MIT researchers find new way to deliver antibodies that could make treatment much easier for patients

CAMBRIDGE, MA -- Antibody treatments for cancer and other diseases are typically delivered intravenously, because of the large volumes that are needed per dose. This means the patient has to go to a hospital for every treatment, where they may spend hours receiving the infusion.

MIT engineers have now taken a major step toward reformulating antibodies so that they can be injected using a standard syringe. The researchers found a way to create solid particles of highly concentrated antibodies, suspended in a solution. These particles carry enough antibodies that only about 2 milliliters of solution would be needed per dose.

This advance could make it much easier for patients to receive antibody treatments, and could make treatment more accessible for patients who have difficulty coming into a hospital, including older people.

“As the global population ages, making the treatment process more convenient and accessible for those populations is something that needs to be addressed,” says Talia Zheng, an MIT graduate student who is the lead author of the new study.

Patrick Doyle, the Robert T. Haslam Professor of Chemical Engineering, is the senior author of the open-access paper, which appears in Advanced Materials. MIT graduate student Lucas Attia and Janet Teng ’25 are also authors of the study.

Highly concentrated antibodies

Therapeutic antibody drugs such as rituximab, which is used to treat some cancers, consist of antibodies suspended in a water-based solution. In addition to cancers, antibodies are also used to treat infectious diseases, as well as autoimmune disorders such as rheumatoid arthritis, inflammatory bowel disease, and multiple sclerosis.

Because the antibody solutions are formulated at low concentrations (10 to 30 milligrams of antibody per milliliter of solution), patients need to be given at least 100 milliliters per dose, which is much too large to be injected using a standard syringe. To decrease this volume to the point where it could be injected, the antibody concentration would need to be at least 300 milligrams per milliliter, but that would make the solution much too thick to be injected.

“You can’t concentrate existing formulations to these concentrations,” Doyle says. “They’ll be very viscous and will exceed the force threshold of what you can inject into a patient.”

In 2023, Doyle’s lab developed a way to generated highly concentrated antibody formulations by encapsulating them into hydrogel particles. However, that process requires centrifugation, a step that would be difficult to scale up for manufacturing.

In their new study, the researchers took a different approach that allows them to create droplets suspended in an emulsion, similar to oil and vinegar. In this case, droplets containing antibodies dissolved in a watery solution are suspended in an organic solvent called pentanol.

These droplets can then be dehydrated, leaving behind highly concentrated solid antibodies — about 360 milligrams of antibody per milliliter of solution. These particles also include a small amount of polyethylene glycol (PEG), a polymer that helps stabilize the particles.

Once these solid particles form, the organic solvent surrounding them is removed and replaced with an aqueous solution (water containing dissolved salts and small amount of stabilizing polymer), similar to the solution now used to infuse therapeutic antibodies.

This assembly process can be done rapidly using a microfluidic setup and does not require centrifugation, which should allow it to be scaled up much more easily using emulsification devices compliant with GMP (good manufacturing practice) regulations.

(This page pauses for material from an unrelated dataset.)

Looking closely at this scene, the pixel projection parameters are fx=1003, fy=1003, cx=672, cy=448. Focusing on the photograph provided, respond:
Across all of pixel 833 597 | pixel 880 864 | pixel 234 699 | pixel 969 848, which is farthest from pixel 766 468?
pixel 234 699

“Our first approach was a bit brute force, and when we were developing this new approach, we said to it’s got to be simple if it’s going to be better and scalable,” Doyle says.

Injectable particles

The researchers showed that they could control the size of the particles — from about 60 to 200 microns in diameter — by changing the flow rate of the solutions that make up the droplets.

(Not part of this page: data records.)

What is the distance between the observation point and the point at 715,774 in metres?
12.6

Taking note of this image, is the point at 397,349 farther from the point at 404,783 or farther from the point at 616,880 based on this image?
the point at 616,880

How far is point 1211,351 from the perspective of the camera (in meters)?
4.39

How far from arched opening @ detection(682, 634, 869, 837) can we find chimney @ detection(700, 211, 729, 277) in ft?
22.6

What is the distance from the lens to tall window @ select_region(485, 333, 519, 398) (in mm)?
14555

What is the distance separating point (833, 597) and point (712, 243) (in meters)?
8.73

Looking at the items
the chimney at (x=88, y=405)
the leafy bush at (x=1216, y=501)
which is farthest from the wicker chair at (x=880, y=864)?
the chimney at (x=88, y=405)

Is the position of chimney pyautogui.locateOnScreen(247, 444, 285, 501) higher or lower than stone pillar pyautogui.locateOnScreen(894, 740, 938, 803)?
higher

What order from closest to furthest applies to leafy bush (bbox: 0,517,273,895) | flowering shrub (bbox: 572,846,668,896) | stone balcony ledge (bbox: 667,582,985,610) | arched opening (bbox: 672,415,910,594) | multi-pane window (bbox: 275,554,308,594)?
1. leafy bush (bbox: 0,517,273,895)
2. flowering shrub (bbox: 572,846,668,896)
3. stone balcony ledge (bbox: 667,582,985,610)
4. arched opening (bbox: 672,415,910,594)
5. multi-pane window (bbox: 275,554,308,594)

Using particles 100 microns in diameter, they tested the injectability of the solution using a mechanical force tester. Those studies showed that the force needed to push the plunger of a syringe containing the particle solution was less than 20 newtons.

“That is less than half of the maximum acceptable force that people usually try to aim for, so it’s very injectable,” Zheng says.

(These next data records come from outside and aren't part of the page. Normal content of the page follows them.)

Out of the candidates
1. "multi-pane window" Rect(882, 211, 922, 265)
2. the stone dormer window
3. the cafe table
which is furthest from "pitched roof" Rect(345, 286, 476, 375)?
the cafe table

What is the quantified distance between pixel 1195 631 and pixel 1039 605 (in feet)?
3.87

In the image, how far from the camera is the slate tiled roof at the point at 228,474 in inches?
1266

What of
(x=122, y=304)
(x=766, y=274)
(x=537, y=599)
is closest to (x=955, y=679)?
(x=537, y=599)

Using a 2-milliliter syringe, a typical size for subcutaneous injections, more than 700 milligrams of the target antibody could be given at once — enough for most therapeutic applications. The researchers also showed that their formulations remained stable under refrigeration for at least four months.

The researchers now plan to test their antibody particles for therapeutic applications in animal models. They are also working on scaling up the manufacturing process, so they can make enough for large-scale testing.

###

The research was funded by the MIT Undergraduate Research Opportunities Program and the U.S. Department of Energy.